The severe weather outbreak on Wednesday, December 23 saw 348 reports of damaging winds, large hail, or tornadoes come through to the Storm Prediction Center. Of those reports, 51 of them were for tornadoes, and many of these tornado reports were for the same long-track tornadoes. The most significant tornado occurred across northern Mississippi into southern Tennessee; a preliminary EF-3 with maximum winds of 160 MPH, the tornado stayed on the ground for two and a half hours, traversing 145 continuous miles and reaching a maximum width of 0.75 miles. The tornado killed at least seven people.

Meteorologists began talking about the threat for severe weather on Wednesday as early as a week before the event, and the Storm Prediction Center officially included the area under a 15% risk for severe weather in its day four outlook on December 20:


On December 21, three days out, they included the area under a slight risk for severe weather:



On December 22, two days out, this slight risk was upgraded to an enhanced risk, a three on a scale from one to five:


At 7:00 AM CST on December 23, the day of the outbreak, the agency issued a moderate risk for severe weather due to the increasing threat for tornadoes, outlining the area under a 15% risk for significant (EF-2+) tornadoes.
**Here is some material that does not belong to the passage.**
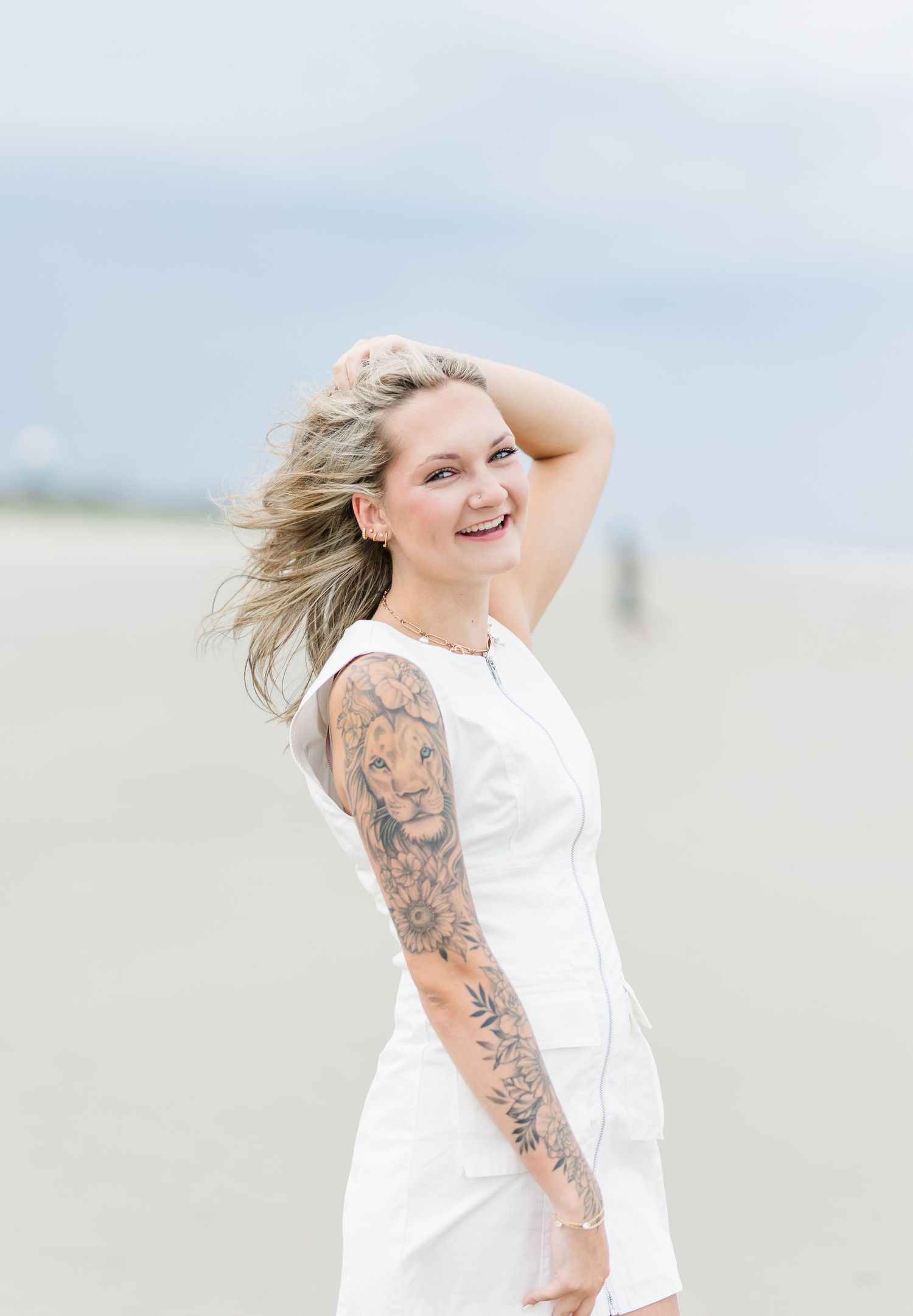 Joyful beach photo with white sundress and lion tattoo sleeve in soft natural lighting.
At 11:55 AM CST on Wednesday, December, 23, the Storm Prediction Center issued a Particularly Dangerous Situation (PDS) Tornado Watch for the Mississippi River Valley from Louisiana north through western Tennessee. A "particularly dangerous situation" is enhanced wording attached to a tornado watch when numerous violent, long-track tornadoes are possible. PDS watches are reserved for the most dangerous severe weather days, and before December 23, the last PDS Tornado Watch issued by the agency was in June 2014 in Nebraska.
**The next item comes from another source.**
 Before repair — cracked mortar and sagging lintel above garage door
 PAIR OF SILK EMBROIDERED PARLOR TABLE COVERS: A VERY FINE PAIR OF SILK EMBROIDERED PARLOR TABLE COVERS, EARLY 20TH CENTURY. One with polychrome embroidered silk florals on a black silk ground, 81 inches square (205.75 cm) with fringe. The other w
The EF-3 tornado that tore through northern Mississippi and southwestern Tennessee that afternoon touched down at 2:58 PM CST, according to the latest report from the National Weather Service office in Memphis. The first tornado warning on this particular storm was issued at exactly 3:00 PM CST—two minutes after the tornado touched down according to the preliminary storm survey—and the storm was continuously warned over the initial tornado's 145-mile track, continuing on until the storm lost rotation over the Nashville metro area. This supercell was tornado-warned from 3:00 PM CST until 7:47 PM CST, providing five hours of continuous notice for people in the path of the storm's strong rotation.


This weekend, People Magazine posted an article on its website with a headline exclaiming that an "unexpected" tornado outbreak claimed seven lives in the South and Midwest on Wednesday, December 23. This kind of dramatic language is what blogs thrive on—The Narrative, after all, is that meteorologists don't know what they're talking about, so even when they get it right, they were somehow wrong. The headline was corrected after widespread condemnation on social media. The headline still went out to tens of thousands (if not hundreds of thousands) of people before it was corrected, so the damage is done, and thus the myth of the dumb, lying weatherman guessing at a wrong forecast chugs forth unrestrained.
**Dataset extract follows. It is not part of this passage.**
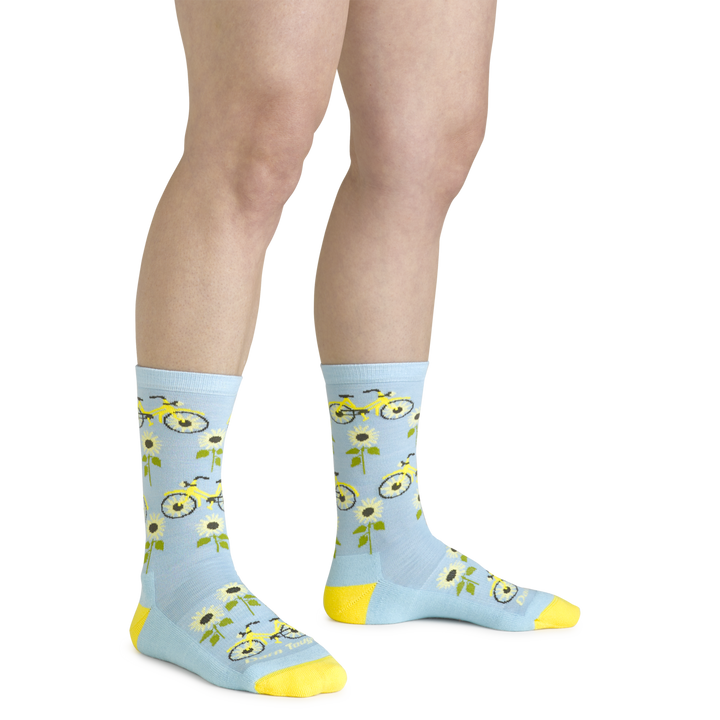 Close up shot of model wearing the women's sun pedal crew lifestyle sock iin glacier blue with no shoes on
Just one day after the People incident occurred, television meteorologists like James Spann posted screenshots of one social media attack after another, launched his way by irate viewers who were ticked that his station, ABC 33/40 in Birmingham, Alabama, preempted a basketball game in order to cover widespread deadly flooding and a handful of tornadoes that plagued central Alabama on Christmas Day, claiming multiple lives, washing out major roads, and destroying dozens of homes and businesses.


This is also nothing new. There's a long, ugly history of television stations and broadcast meteorologists receiving vitriol—up to and including death threats—when they have to break into regular programming in order to cover severe weather. I used to cover this over on The Vane (see here and here), and Dr. Marshall Shepherd added his desire for viewers to crack this ugly habit to his list of New Year's resolutions over at his blog on Forbes.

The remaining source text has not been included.